**TASK BRIEF:**
Each line of the data below between the one containing "Miniatura 8 de" and the one containing "Manuelle Kalt Rollen", both included, is to be repeated exactly. Please omit pictures.

**RECORDS FOR THIS EXERCISE:**
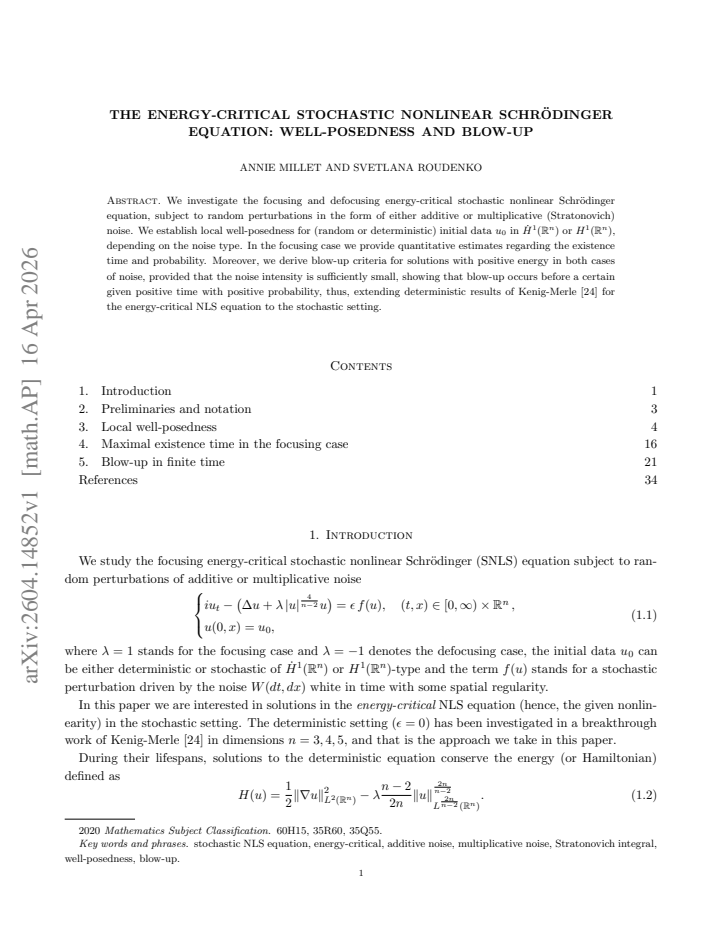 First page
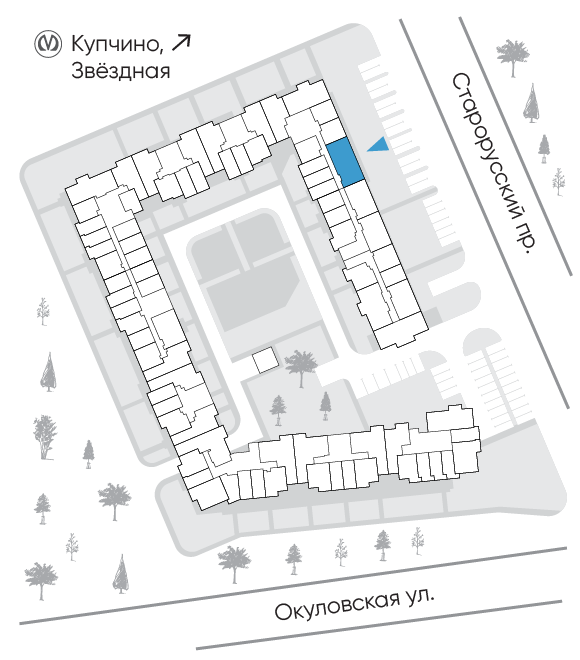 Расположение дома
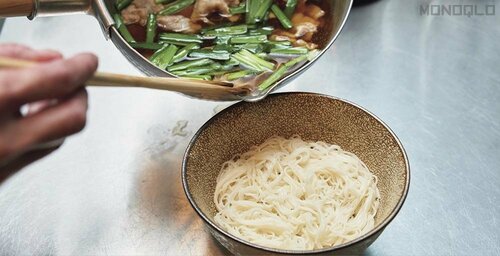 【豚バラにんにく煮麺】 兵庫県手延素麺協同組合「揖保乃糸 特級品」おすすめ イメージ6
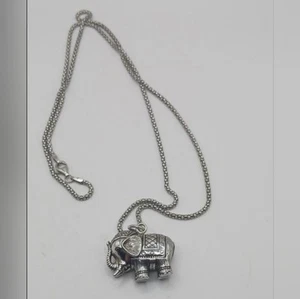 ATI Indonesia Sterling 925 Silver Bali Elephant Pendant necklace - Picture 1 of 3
==
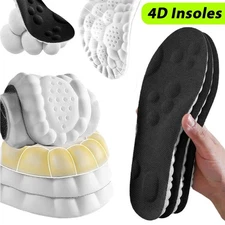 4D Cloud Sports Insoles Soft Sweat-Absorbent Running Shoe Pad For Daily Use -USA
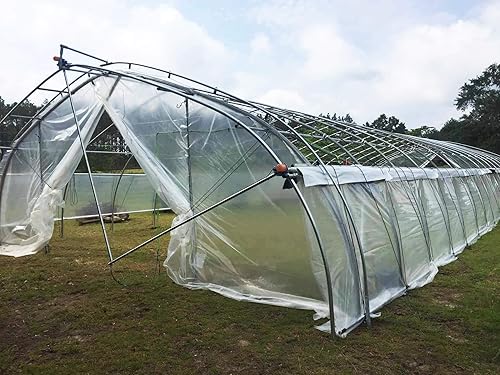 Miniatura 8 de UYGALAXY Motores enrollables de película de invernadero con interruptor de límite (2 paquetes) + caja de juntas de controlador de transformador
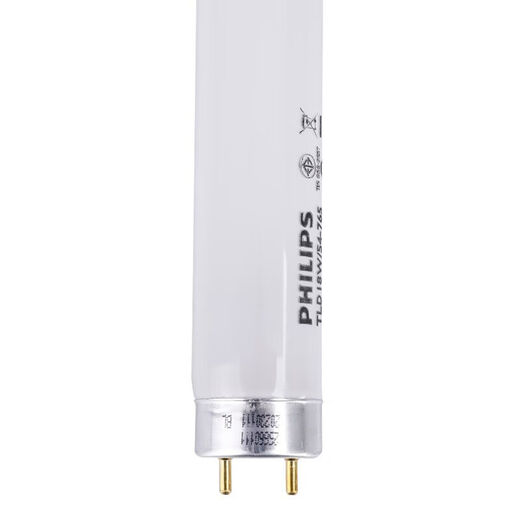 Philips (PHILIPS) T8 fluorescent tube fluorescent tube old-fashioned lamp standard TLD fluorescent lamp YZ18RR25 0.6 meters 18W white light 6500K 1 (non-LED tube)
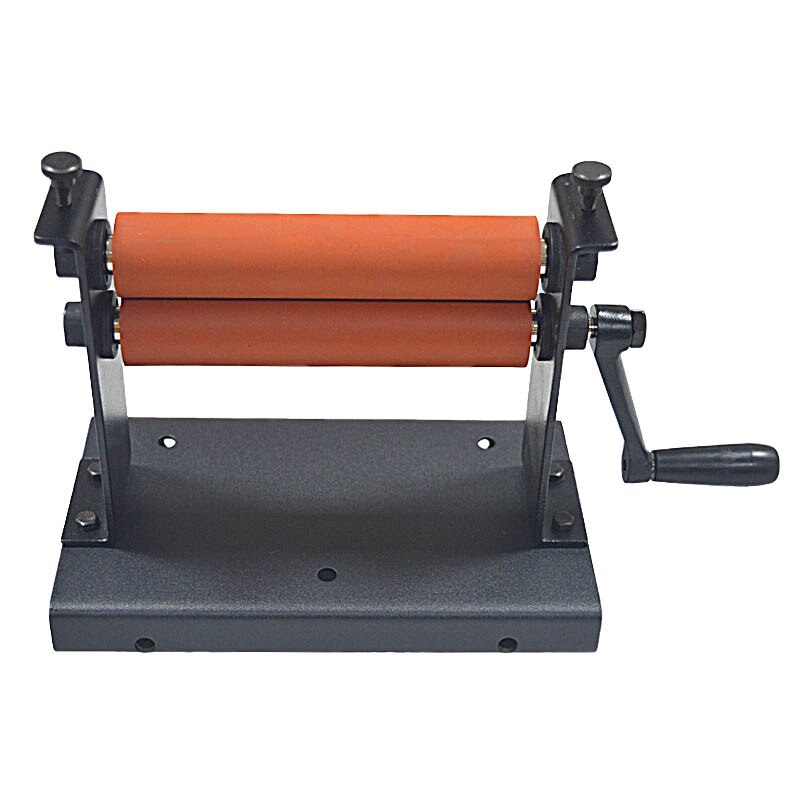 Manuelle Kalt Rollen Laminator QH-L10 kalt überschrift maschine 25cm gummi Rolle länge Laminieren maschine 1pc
* * *
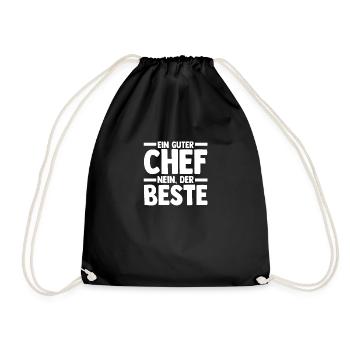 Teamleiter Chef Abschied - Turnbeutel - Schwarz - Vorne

**ANSWER SECTION:**
 Miniatura 8 de UYGALAXY Motores enrollables de película de invernadero con interruptor de límite (2 paquetes) + caja de juntas de controlador de transformador
 Philips (PHILIPS) T8 fluorescent tube fluorescent tube old-fashioned lamp standard TLD fluorescent lamp YZ18RR25 0.6 meters 18W white light 6500K 1 (non-LED tube)
 Manuelle Kalt Rollen Laminator QH-L10 kalt überschrift maschine 25cm gummi Rolle länge Laminieren maschine 1pc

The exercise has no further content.